2. The state has 16 proposals. How are you vetting the companies involved? The responses varied in team composition, capacities, vision and funding requests, with concepts touching almost all of Rhode Island’s high-growth sectors. … The committee will review all proposals, conduct interviews with selected respondents, request best-and-final offers from finalists, and ultimately make recommendations to [the Executive Office of Commerce] for proposed awardees.
3. What industries are most desired for job growth and why? We are very fortunate that we have the [Brookings Institution]’s “Rhode Island Innovates: A Competitive Strategy for the Ocean State” as a resource. This 2016 report … identifies Rhode Island’s key growth industries. Like many other Commerce initiatives, we are focusing on the key industries identified in the report for the innovation-campus project.
4. Should the state be encouraging multiple locations for innovation campuses or concentrate on Providence, for example? We have purposely been location-agnostic in soliciting respondents for proposed campuses. Instead, we have focused on drawing together the very best industry, academic and research institutions to foster collaboration on best-in-class innovative solutions, to help create and grow high-value jobs while also catalyzing private-sector investment. As a result, projects were proposed in eight different cities and towns, demonstrating a commitment and potential for economic development that benefits the entire state.

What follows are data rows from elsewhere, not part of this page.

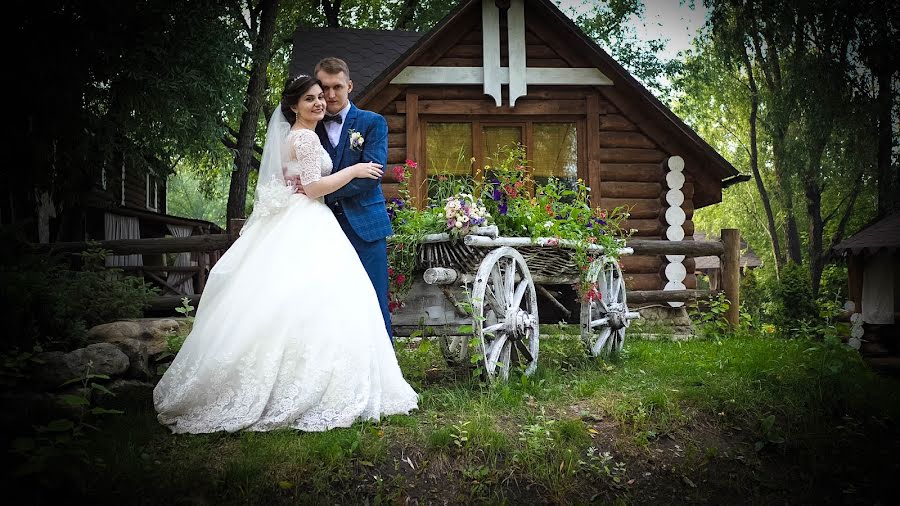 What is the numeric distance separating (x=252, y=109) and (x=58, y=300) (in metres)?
9.46

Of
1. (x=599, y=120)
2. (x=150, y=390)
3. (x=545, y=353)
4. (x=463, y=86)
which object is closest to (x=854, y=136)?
(x=599, y=120)

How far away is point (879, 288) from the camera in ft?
17.7

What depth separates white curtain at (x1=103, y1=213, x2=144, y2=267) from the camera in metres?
13.9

5. How does the state distinguish its effort from other states? This is less about what other states are doing and more about what Rhode Island can do to grow its economy. We did study what other places had done to create similar projects and incorporated certain elements of those best practices where appropriate. But at the end of the day this is about Rhode Island’s future, and taking some of the assets we have here across multiple industries and injecting some new energy into them. One element of this competition that we are particularly proud of is the opportunity to boost URI’s capacity to contribute to [the state’s] economy.